[Exercise description]:
Leaving out the pictures, write out exactly each line from the line with "Silver Alessi teapot." through the close of the listing below.
*** Recorded information ***
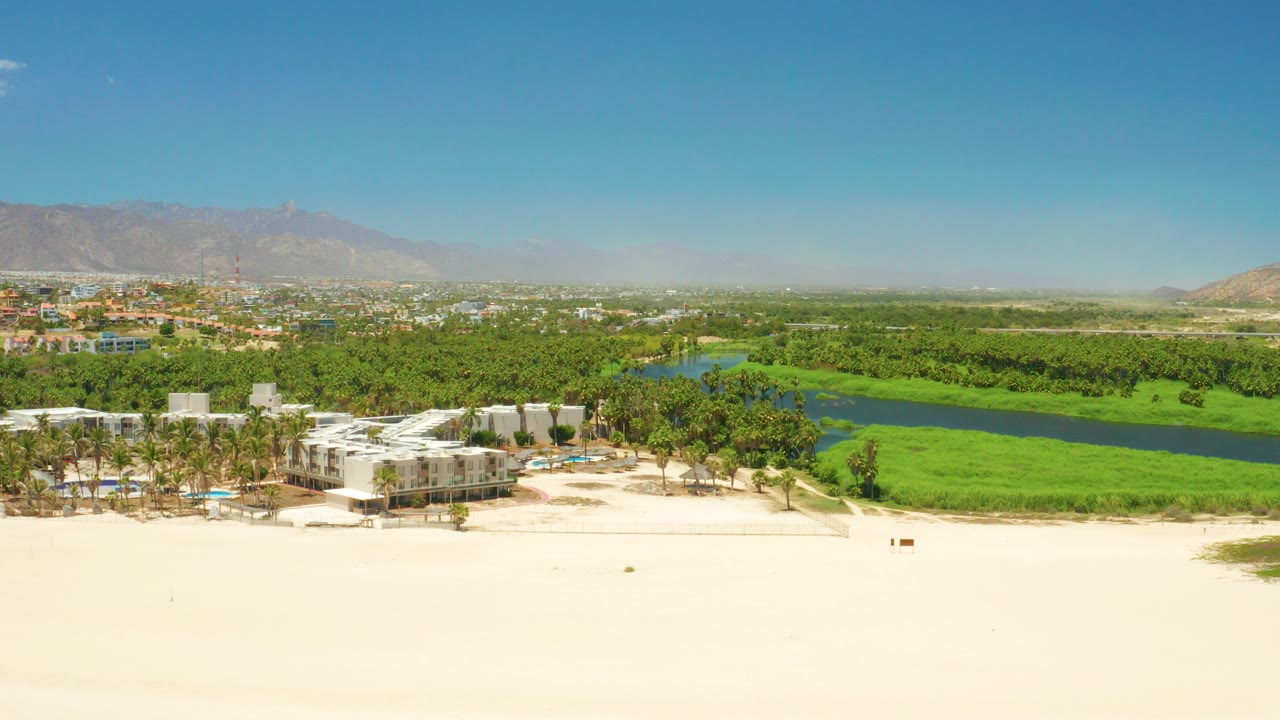 Opening aerial frame over San Jose del Cabo Estuary, with pale sand below, white beachside buildings and palms near the lagoon, distant mountains, blue sky, and no visible people.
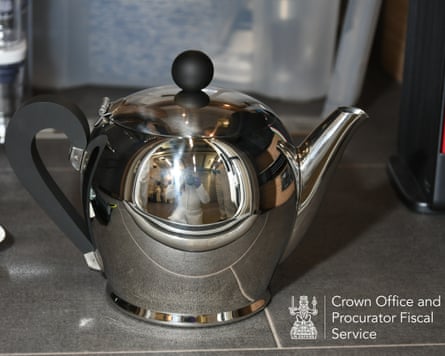 Silver Alessi teapot. Police photographer, in protective clothing, can be seen reflected in the teapot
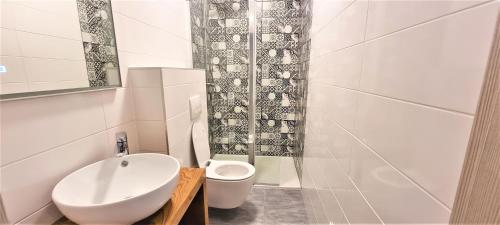 a white bathroom with a sink and a toilet at Villa Kajgo-Pag in Pag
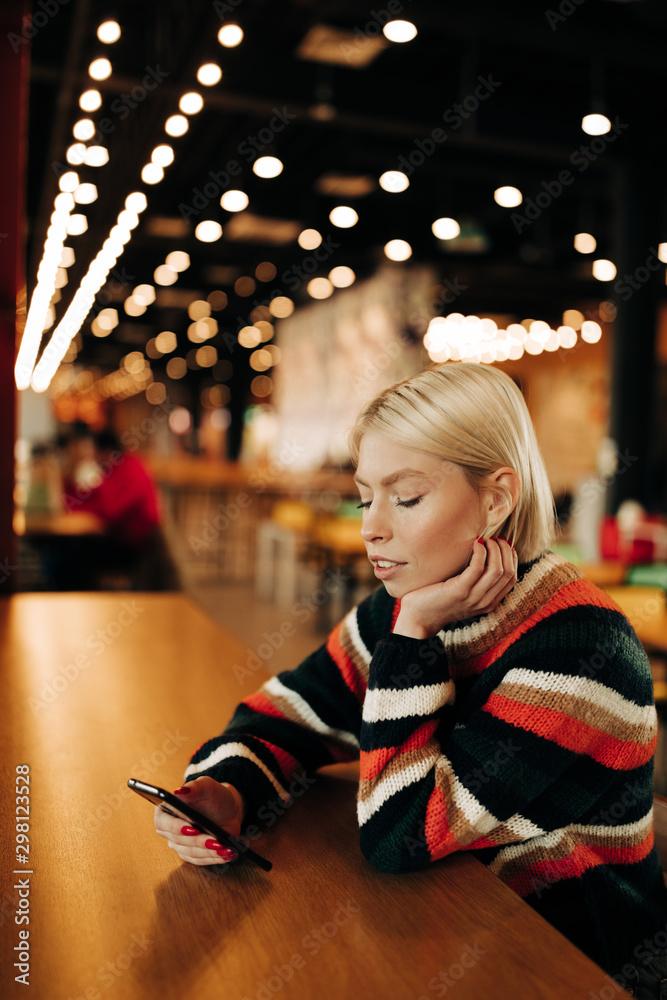 young blond woman on the phone young blond woman on the phone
*** End of Recorded information ***
[Response]:
 Silver Alessi teapot. Police photographer, in protective clothing, can be seen reflected in the teapot
 a white bathroom with a sink and a toilet at Villa Kajgo-Pag in Pag
 young blond woman on the phone young blond woman on the phone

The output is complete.